Each day, I mean, we watch pressures on each well, and we're managing the pressures on each. We had some very good condensate wells come on as of late, and we're very encouraged about those results.
Michael G. Moore
I might add, Neal, that we're very encouraged by the continued performance of these wells against the type curve. So we certainly don't have any data at this point to suggest that we need to adjust type curves.
The -- both the condensate and the wet gas production plots seem to indicate that those type curves are still holding in there.
Neal Dingmann - SunTrust Robinson Humphrey, Inc., Research Division
Okay. And then just on your production, you guys reiterated for first and then for total.

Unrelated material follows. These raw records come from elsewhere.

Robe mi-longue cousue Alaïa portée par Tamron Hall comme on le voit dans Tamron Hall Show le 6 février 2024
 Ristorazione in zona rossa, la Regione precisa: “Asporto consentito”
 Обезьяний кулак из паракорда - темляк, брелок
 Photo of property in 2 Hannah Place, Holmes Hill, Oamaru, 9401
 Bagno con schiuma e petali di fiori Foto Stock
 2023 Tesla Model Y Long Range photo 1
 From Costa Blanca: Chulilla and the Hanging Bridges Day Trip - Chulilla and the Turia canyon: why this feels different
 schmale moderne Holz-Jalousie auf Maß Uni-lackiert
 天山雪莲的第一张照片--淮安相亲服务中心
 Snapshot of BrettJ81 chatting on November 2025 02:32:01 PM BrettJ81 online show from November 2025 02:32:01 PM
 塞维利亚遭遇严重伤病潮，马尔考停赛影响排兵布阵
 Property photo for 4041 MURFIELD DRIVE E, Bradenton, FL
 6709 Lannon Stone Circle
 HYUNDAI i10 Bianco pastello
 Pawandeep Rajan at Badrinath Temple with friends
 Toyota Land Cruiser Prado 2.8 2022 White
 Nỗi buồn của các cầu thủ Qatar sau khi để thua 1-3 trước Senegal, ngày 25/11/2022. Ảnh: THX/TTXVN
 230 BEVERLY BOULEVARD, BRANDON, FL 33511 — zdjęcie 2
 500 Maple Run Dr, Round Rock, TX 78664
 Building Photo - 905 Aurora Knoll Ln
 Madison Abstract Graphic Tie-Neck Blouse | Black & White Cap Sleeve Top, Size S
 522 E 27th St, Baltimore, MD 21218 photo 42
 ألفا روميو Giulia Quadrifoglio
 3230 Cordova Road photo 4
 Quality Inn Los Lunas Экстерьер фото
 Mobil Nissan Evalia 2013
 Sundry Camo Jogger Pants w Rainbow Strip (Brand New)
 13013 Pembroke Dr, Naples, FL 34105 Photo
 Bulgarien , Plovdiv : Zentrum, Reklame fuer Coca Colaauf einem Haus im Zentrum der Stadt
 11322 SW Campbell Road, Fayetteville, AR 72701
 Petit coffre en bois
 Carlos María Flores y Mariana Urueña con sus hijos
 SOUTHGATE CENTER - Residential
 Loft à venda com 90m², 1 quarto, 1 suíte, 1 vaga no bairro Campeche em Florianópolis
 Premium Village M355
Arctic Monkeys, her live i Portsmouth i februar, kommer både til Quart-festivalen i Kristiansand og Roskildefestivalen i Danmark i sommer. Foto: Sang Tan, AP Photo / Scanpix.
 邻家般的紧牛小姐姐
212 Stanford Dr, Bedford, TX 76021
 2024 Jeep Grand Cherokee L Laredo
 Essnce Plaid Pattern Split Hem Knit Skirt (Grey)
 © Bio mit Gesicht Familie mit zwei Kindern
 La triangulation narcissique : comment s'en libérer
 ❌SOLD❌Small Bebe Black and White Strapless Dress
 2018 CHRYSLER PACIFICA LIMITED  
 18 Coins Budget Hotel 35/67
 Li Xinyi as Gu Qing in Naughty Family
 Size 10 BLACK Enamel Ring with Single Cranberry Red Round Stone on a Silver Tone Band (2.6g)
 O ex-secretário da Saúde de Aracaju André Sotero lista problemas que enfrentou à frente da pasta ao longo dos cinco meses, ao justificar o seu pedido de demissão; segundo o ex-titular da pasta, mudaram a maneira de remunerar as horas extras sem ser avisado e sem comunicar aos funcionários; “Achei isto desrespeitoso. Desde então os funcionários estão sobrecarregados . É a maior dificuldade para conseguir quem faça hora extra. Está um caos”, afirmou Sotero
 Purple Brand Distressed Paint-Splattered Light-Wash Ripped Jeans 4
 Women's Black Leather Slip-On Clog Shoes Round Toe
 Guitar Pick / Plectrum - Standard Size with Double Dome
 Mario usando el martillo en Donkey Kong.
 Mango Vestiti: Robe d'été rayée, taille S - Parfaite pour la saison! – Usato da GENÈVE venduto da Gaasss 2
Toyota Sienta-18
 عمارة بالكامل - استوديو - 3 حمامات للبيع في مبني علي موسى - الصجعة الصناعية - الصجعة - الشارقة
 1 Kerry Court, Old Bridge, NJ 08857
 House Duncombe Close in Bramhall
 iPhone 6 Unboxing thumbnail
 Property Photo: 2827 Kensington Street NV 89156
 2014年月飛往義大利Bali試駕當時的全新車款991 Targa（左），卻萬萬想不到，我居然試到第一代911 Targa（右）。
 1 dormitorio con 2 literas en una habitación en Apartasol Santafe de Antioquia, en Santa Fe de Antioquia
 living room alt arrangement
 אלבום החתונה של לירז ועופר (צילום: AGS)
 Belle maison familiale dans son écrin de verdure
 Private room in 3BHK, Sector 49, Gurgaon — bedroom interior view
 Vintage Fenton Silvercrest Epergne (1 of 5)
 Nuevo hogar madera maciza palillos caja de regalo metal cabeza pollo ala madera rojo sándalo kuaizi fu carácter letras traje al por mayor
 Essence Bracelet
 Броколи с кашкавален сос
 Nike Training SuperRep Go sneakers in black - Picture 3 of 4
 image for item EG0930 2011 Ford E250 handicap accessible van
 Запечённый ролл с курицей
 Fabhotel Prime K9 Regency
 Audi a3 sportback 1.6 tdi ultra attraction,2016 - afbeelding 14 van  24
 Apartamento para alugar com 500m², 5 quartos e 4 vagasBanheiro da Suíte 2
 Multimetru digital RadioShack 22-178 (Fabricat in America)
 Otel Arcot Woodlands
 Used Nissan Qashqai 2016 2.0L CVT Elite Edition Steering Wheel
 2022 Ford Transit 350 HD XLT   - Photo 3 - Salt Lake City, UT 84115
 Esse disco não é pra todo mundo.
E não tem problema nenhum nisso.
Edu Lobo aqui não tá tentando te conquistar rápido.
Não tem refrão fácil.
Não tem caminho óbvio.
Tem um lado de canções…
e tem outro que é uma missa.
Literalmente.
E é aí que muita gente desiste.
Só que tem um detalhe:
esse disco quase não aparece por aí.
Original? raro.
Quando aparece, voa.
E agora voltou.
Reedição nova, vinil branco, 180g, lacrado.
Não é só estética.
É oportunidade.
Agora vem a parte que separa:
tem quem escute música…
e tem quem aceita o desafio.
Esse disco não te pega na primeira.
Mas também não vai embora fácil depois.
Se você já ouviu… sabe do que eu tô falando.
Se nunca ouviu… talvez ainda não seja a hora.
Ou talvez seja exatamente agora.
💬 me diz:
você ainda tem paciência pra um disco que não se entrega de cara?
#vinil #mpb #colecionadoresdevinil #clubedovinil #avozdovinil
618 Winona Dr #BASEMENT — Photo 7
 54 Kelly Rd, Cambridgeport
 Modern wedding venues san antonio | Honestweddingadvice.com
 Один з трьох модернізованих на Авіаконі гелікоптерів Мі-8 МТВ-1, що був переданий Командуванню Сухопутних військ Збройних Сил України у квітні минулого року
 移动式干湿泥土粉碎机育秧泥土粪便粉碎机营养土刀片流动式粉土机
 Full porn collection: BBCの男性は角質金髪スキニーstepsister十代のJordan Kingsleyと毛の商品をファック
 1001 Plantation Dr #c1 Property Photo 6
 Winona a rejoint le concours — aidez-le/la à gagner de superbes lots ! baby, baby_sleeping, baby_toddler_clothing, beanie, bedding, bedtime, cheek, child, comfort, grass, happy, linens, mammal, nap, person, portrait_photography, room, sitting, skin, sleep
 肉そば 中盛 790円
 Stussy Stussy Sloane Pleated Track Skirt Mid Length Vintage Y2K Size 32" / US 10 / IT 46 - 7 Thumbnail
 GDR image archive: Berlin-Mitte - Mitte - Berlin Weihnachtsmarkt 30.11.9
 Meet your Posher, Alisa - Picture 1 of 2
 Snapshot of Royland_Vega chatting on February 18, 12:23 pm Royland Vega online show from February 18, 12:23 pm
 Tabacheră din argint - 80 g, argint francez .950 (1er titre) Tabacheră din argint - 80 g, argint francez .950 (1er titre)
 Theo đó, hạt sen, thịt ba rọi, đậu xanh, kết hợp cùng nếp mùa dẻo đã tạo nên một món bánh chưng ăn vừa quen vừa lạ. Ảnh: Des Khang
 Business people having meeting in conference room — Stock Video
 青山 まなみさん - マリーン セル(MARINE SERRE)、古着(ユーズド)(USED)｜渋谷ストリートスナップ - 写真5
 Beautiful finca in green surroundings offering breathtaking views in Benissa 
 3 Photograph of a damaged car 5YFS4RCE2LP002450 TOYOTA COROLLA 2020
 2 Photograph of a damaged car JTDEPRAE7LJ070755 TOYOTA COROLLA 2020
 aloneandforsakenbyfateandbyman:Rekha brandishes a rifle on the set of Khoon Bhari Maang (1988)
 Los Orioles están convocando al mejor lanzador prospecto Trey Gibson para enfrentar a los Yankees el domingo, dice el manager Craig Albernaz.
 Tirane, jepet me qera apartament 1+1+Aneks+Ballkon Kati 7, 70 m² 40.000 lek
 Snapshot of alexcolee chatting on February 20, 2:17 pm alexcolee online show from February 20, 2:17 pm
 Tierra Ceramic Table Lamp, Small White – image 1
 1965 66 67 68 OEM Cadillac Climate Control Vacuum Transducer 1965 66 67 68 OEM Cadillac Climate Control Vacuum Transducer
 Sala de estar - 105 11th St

Mike, I don't know how much you can say about either wells behind pipe or I know some of the peers, like Gulf or Chesapeake and some of these others have mentioned, about how much is restricted because of lack of capacity out there. I was wondering if you can maybe hit both those things back.
Are you still -- you or again, for Mark, if you're holding some wells back because of lack of infrastructure and if that will come on as infrastructure continues to improve? And then just, again, because just looking at sort of the behind pipe or some of the wells that potentially could come on soon.
Michael G. Moore
So I'll take part of it, and Mark can hop in here, too. But first of all, please understand, I can't speak for our peers, but Gulfport is not restricted in any way on how we're producing our wells.
So we have plenty of takeaway, plenty of capacity. We don't have wells shut in, waiting on pipeline.
So our wells are not restricted. And secondly, we have an inventory.
As Keri mentioned in her scripted comments, we have 10 wells completed that we're going to be bringing on very shortly.
Mark R. Malone
That's correct. March should be very good month for us again.
As Mike mentioned, we've got 10 wells about to come on. If you looked at the fourth quarter last year, we averaged about 11 BOE per day -- 11,000 BOE a day -- per day.
And we ended in the quarter -- or the year rather with an exit rate of about 28,000. So we've done this before, so this isn't new to us, and we're confident that we'll make that number in March based on those 10 wells that are coming on.
They're all fracture stimulated at this point and in the final phases of completion.
Neal Dingmann - SunTrust Robinson Humphrey, Inc., Research Division
And Mark, how big a factor was weather sort of the last quarter versus kind of what you and Rob have seen historically? I know you've operated in that area in past years.
I know other operators have mentioned it. Again, how big a factor was that?
And are you continuing to see any hang-up because of weather?
J. Ross Kirtley
Neal, this is Ross. I'm going to answer that.
Obviously, we try to prepare for the weather. We know that Ohio is known for cold winters.
We didn't plan for the coldest winter in 33 years necessarily. So we had a lot of days that we spent that were 11 degrees -- minus 11 degrees.
We had multiple issues with that with frozen wellheads, ice plugs in flow lines. I think 1 day, we had 3 drilling rigs and had the brake [indiscernible] stuck to the drum works.
So yes, we did experience a lot of problems with the weather. We did -- I think the first snap, we learned from it, and I'll let Mark give us a little bit more color here in just a second.
But we did make some improvements. In the second snap, we didn't have near as much product go offline as we did in the first one.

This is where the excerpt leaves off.